Il est vrai que le nouveau gouvernement s’est fait un peu attendre. Le résultat, on peut dire à première vue, que c’est un gouvernement assez équilibré. Les personnalités qui le composent, de façon générale, sont connues pour leur compétence, pour leur expérience, et pour leur sérieux. Ce qui est sûr, c’est un gouvernement de transition, et tous ceux qui acceptent d’y figurer ne doivent avoir qu’un seul objectif : la réussite de l’action menée qui est comme vous le savez de libérer le Nord, de retourner à l’intégrité territoriale et de préparer des élections libres, transparentes et crédibles.

Je pense que pour l’équipe, pour un début, nous leur faisons confiance. Ils vont avec un capital de confiance assez grand. Et nous souhaitons tout simplement qu’ils se mettent rapidement à la tâche, et qu’ils répondent à l’attente du peuple tout entier.

* Adama Diakité, président du Forum des organisations de la société civile (FOSC)

Mon constat c’est que c’est un gouvernement de technocrates. Au niveau du forum, beaucoup de personnes m’avaient demandé si nous avons été consultés par rapport à la constitution de ce gouvernement de transition.

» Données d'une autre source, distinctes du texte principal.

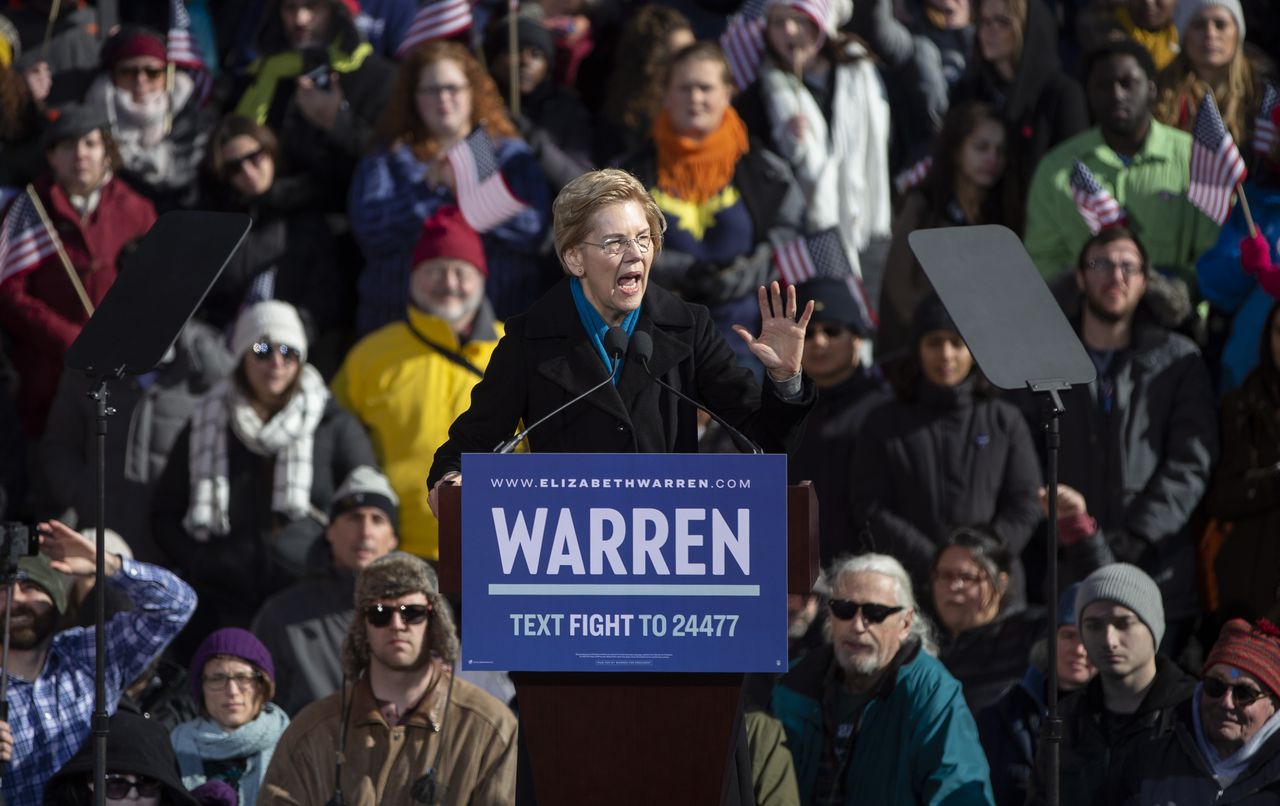 Democraat Elizabeth Warren spreekt de menigte toe terwijl ze haar kandidatuur aankondigt voor de presidentsverkiezingen in 2020.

Nous n’avons pas été consultés. Je crois que la constitution du gouvernement les amènera à nous faire confiance. Il (nouveau gouvernement) confirme aussi ce que beaucoup de regroupements disaient : de ne pas avoir été consulté. Mais le plus important est que les personnes retenues travaillent pour récupérer vite le Nord du pays, élaborer un fichier électoral fiable, et organiser des élections libres, transparentes et crédibles. Cela, pour le bonheur du peuple malien. A partir de maintenant, nous devons transcender nos différents pour réussir ces défis.